▶ _What this task involves_: Return, with both end lines included, exactly what the data below holds from the line with "Industrial Purification Services" through the line with "询价理尚PT300-06-B002电源，24V 12.5A，", though not the pictures.

▶ _Records for processing_:

::::

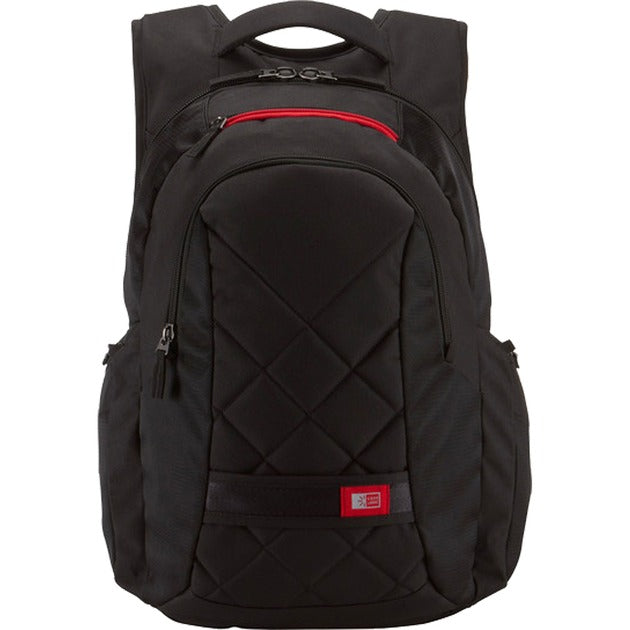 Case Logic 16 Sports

::::

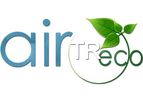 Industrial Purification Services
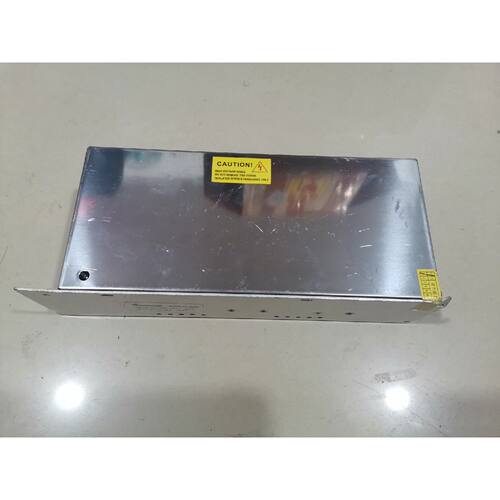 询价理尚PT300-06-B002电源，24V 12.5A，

::::

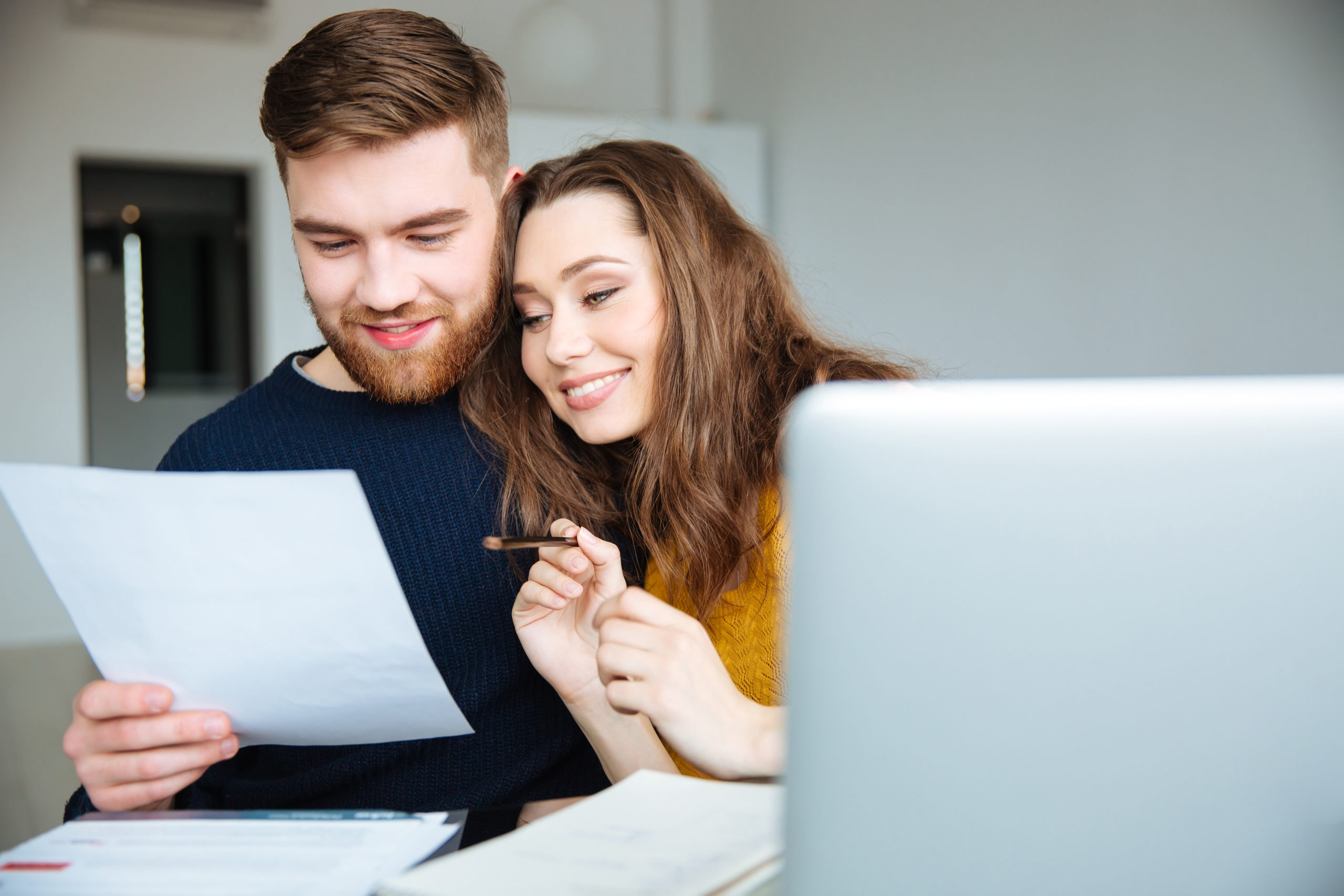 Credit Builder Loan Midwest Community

::::

▶ _Answer for this exercise_:
 Industrial Purification Services
 询价理尚PT300-06-B002电源，24V 12.5A，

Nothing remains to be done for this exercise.